On page 284 (see attached) Dummit and Foote prove Proposition 10 which shows the following:

"In an integral domain a prime element is always irreducible."

D&F then state:

"It is not true in general that an irreducible element is necessarily prime."

They give as an example the element 3 in the quadratic integer ring $R =\mathbb{Z} [\surd -5 ]$

They assert that the element 3 is irreducible but not prime.

I am struggling to show rigorously that 3 is irreducible in R, despite D&F's reference to the calculations on page 273 (see attached)

That is to show that whenever $3 = ( a_1 + b_1 \surd -5 ) (a_2 + b_2 \surd -5 )$

then one of $( a_1 + b_1 \surd -5 ) , (a_2 + b_2 \surd -5 )$ must be a unit in $\mathbb{Z} [\surd -5 ]$

Peter

2. ## Re: UFDs, primes and irreducibles - Dummit and Foote - Chapter 8

Originally Posted by Bernhard
"It is not true in general that an irreducible element is necessarily prime."
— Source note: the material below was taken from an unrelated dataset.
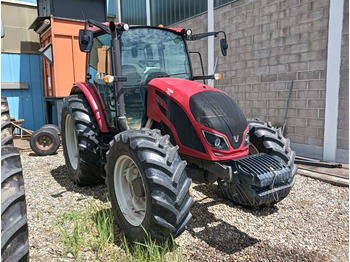 Trator VALTRA A114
They give as an example the element 3 in the quadratic integer ring $R =\mathbb{Z} [\surd -5 ]$

They assert that the element 3 is irreducible but not prime.

I am struggling to show rigorously that 3 is irreducible in R, despite D&F's reference to the calculations on page 273 (see attached)
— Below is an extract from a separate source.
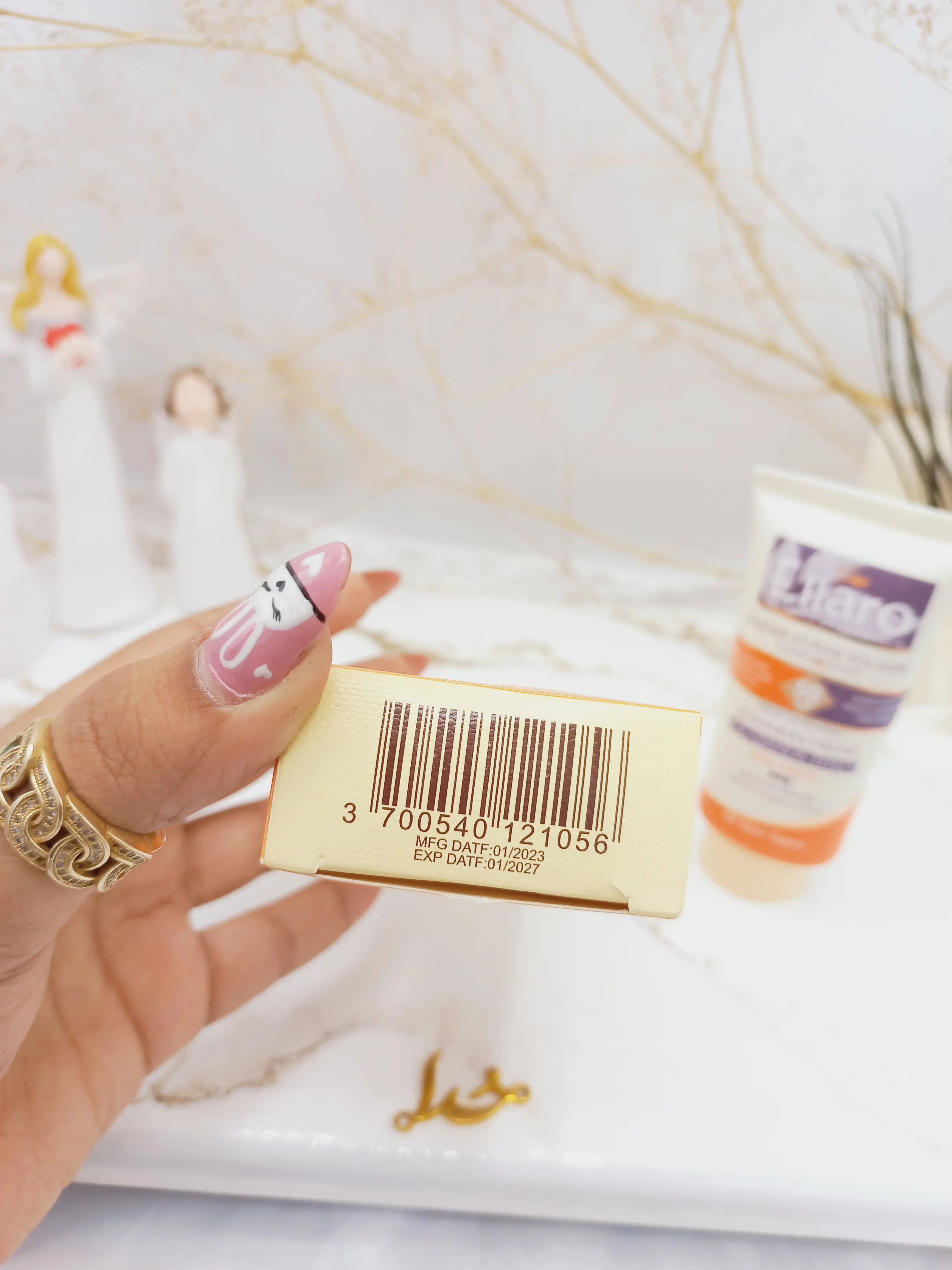 ضد آفتاب رنگی الارو SPF 50 مدل کیفیت بالا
You've had this shown to you, that 3 is irreducible in this ring, at least twice in the last month. Look them over again:

Existence of Greatest Common Divisors - Dummit and Foote Ch8

Euclidean Domains - Dummit and Foote - Chapter 8 - Section 8.1 - Example on Quadratic

3. ## Re: UFDs, primes and irreducibles - Dummit and Foote - Chapter 8

Thanks for pointing that out ... And apologies for forgetting this ... My day job intrudes on my Maths to the point I sometimes have to revisit problems.

Will now go to the posts you mention

Thanks again,

Peter

4. ## Re: UFDs, primes and irreducibles - Dummit and Foote - Chapter 8

if 3 were reducible in Z[√(-5)], say 3 = ab where a,b are not units, we would have N(3) = 9 = N(ab) = N(a)N(b) (here N is the field norm, or the square of the complex modulus. this is always a positive integer).

if N(a) OR N(b) = 1, then it must be ±1, and both of these are units.

hence N(a) = N(b) = 3.

suppose a = c + d√(-5) where c,d are integers.

N(a) = 3 implies c2+5d2 = 3.

thus d = 0, (or else N(a) > 3) and c2 = 3 has no integer solution.